I had a bit of a… moment during the kids bath and bedtime routine last night. You might say it’s irrational to cry when your kid just won’t get out of the shower already, but I would tell you to rewind the day and count up exactly how many times you asked said child to do something, and he just flat out ignored you. Irrational? I think not.
Certainly it wasn’t just the shower that was getting me. In a competition of whose life is hardest, I would lose quickly. Still, I’m operating at a level of highly frustrated these days, compounded by the fact that both kids were up last night. It is SO MUCH HARDER to wake up in the middle of the night when you’re used to getting consecutive hours of sleep. My mind immediately starts racing because this is such an unusual occurrence I don’t really know what to do with myself. What if Bub needs more than just tucking in? What if Bubette doesn’t just want a pacifier that’s been thrown overboard? What if I never sleep through the night AGAIN?
One thing that’s giving me no small amount of grief is my inability to schedule a freaking haircut. Both my preferred person and my backup are booked for weeks, and there’s the little issue of child care to contend with. I haven’t had my hair cut since last AUGUST and circumstances are getting dire. On a scale of one to ten, how awful is my current plan to bring Bubette with me to my hair appointment on Friday? I think I could keep her busy with my phone and snacks and other distractions employed by great parents across the land, but how annoyed would the stylist be? I’m going to someone new because of the aforementioned scheduling issues. Weigh in.
We’re also trying to plan a vacation with very little luck. I know only crazy people whine about how hard it is to plan a vacation, one that they plan to take without their children no less, but it is hard. It’s no small amount of money we’ll be sinking into the trip and we want it to be worth it. Add to the equation that my husband and I seem to be on completely separate vacation wavelengths, and you’ve got our current stalemate.
His number one vacation of choice is a baseball road trip, where we see five games in a six day period and drive something like 2000 miles, sleeping in a new hotel every night.
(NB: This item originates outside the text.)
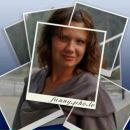 Фотография Роменской Натальи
Me: Do you have any other ideas?
Him: Well, we could drive up the California coast, into Oregon. Or we could take a New England road trip.
Me: I’m sensing a theme here.
The problem is that he is easily bored, and I am not. I look forward to making tough decisions like whether I should nap, or eat something, or maybe just sit here in this comfortable chair with a drink in my hand and think about that for a little while. He’s afraid that one week in the same place will make him antsy, and having traveled with this man before, I know that this is true.
I finally suggested that we send the kids to their grandparents for a week, and just stay home. We can sleep in, go out to eat, go shopping and rent every movie we’ve missed over the past year. We can go to the beach, or to Disneyland, and pretend that we’re on a real vacation without ever having to pack, or unpack, or even send the dog to be boarded.
Sounds kind of wonderful, doesn’t it?